Not only is the growth toward subjective consciousness in the Odyssey seen in the increasing use and spatial interiority and personification of its preconscious hypostases, but even more clearly in its incidents and social interrelationships. These include the emphasis on deceit and guile which I have already referred to. In the Iliad, time is referred to sloppily and inaccurately, if at all. But the Odyssey shows and increase spatialization of time in its use of time words, such as begin, hesitate, quickly, endure, etc., and the more frequent reference to the future. There is also an increased ratio of abstract terms to concrete, particularly of what in English would be nouns ending in ‘ness’. And with this, as might be expected, a marked drop in similes: there is less need for them. Both the frequency and the manner with which Odysseus refers to himself is on a different level altogether from instances of self-references in the Iliad. All this is relevant to the growth of a new mentality.

Let me close this necessarily short entry on a toweringly important poem by calling your attention to a mystery. This is that the overall contour of the story itself is a myth of the very matter with which we are concerned. It is a story of identity, of a voyage to the self that is being created in the breakdown of the bicameral mind. I am not pretending here to be answering the profound question of why this should be so, of why the muses, those atternings of the right temporal lobe, who are singing this epic though the aoidoi, should be narratizing their own downfall, their own fading away into subjective thought, and celebrating the rise of a new mentality that will overwhelm the very act of their song. For this seems to be what is happening.

I AM saying — and finding it work to believe myself — that all this highly patterned legend, which so clearly can be taken as a metaphor of the huge transilience towards consciousness, was not composed, planned, and put together by poets conscious of what they were doing. It is as if the god-side of the bicameral man was approaching consciousness before the man-side, the right hemisphere before the left. And if belief does stick here, and we are inclined to ask scoffingly and rhetorically, how could and epic that may itself be a kind of drive toward consciousness be composed by nonconscious men? We can also ask with the same rhetorical fervor, how could it have been composed by conscious men? And have the same silence follow. We do not know the answer to either question.

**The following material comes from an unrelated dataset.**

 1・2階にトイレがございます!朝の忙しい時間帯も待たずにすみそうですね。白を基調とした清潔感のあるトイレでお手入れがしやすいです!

But so it is. And as this serious of stories sweeps from its lost hero sobbing on an alien shore in bicameral thrall to his beautiful goddess Calypso, winding through its world of demigods, testings, and deceits, to his defiant war whoops in a rival-routed home, from trance through disquise to recognition, from sea to land, from east to west, defeat to prerogative, the whole long song is an odyssey toward subjective identity and its triumphant acknowledgment out of the hallucinatory enslavements of the past. From a will-less gigalo of a divinity to the gore-spattered lion on his own hearth, Odysseus becomes ‘Odysseus’.